Assignment
Exactly and without additions, transcribe the line that contains "MuchoWow Glasschilderij - Foto" and every line after it in the data.

Data provided
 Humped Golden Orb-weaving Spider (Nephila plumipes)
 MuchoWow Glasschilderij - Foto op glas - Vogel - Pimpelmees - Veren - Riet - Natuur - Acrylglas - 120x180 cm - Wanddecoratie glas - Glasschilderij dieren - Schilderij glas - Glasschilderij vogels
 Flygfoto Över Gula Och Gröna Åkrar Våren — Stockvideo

Answer for the task
 MuchoWow Glasschilderij - Foto op glas - Vogel - Pimpelmees - Veren - Riet - Natuur - Acrylglas - 120x180 cm - Wanddecoratie glas - Glasschilderij dieren - Schilderij glas - Glasschilderij vogels
 Flygfoto Över Gula Och Gröna Åkrar Våren — Stockvideo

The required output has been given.